Query operations – SELECT statements are naturally idempotent when data does not change.

Delete operations – Deleting an already‑deleted record is still safe; the result may differ (0 rows vs. multiple rows).

Unique indexes – Adding a unique constraint (e.g., one financial account per user) prevents duplicate inserts.

Token mechanism – Generate a token stored in Redis or JVM memory, require the token for each submission, validate and delete it on the server side, then issue a new token.

Pessimistic lock – Use SELECT ... FOR UPDATE on a primary‑key or unique index to lock rows during a transaction.

Optimistic lock – Include a version column or conditional check in the UPDATE statement, e.g.:

update table_xxx set name = #name#, version = version+1 where version = #version#

or

update tablexxx set avaiamount = avaiamount-#subAmount# where avaiamount-#subAmount# >= 0

Distributed lock – Acquire a lock from Redis or Zookeeper before inserting or updating data, then release it after the operation.

Select‑then‑insert – For low‑concurrency jobs, first check whether the record already exists before performing the insert.

State‑machine idempotency – Model business processes as finite state machines; transitions that would move to a previous state are rejected, guaranteeing idempotent behavior.

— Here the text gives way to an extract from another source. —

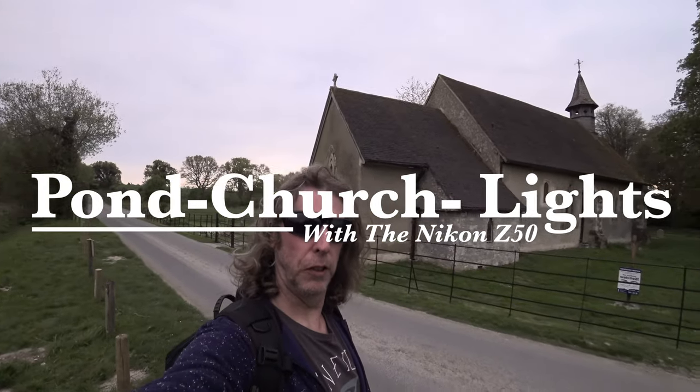I've come over to this beautiful old church at Hartley Mordit tonight. I was hoping to get some sunset photos, but when I drove over the top of the hill to get here it was cloudy. Perhaps we can do some light painting instead.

API design – Require callers to provide a source identifier and a sequence number (seq); store a composite unique index on these fields to reject duplicate requests.

Conclusion

Idempotency is a fundamental trait for reliable software, especially in financial systems where duplicate operations can cause severe issues. Applying unique constraints, tokens, locks, version checks, or state‑machine validation helps ensure that repeated requests have no adverse effect.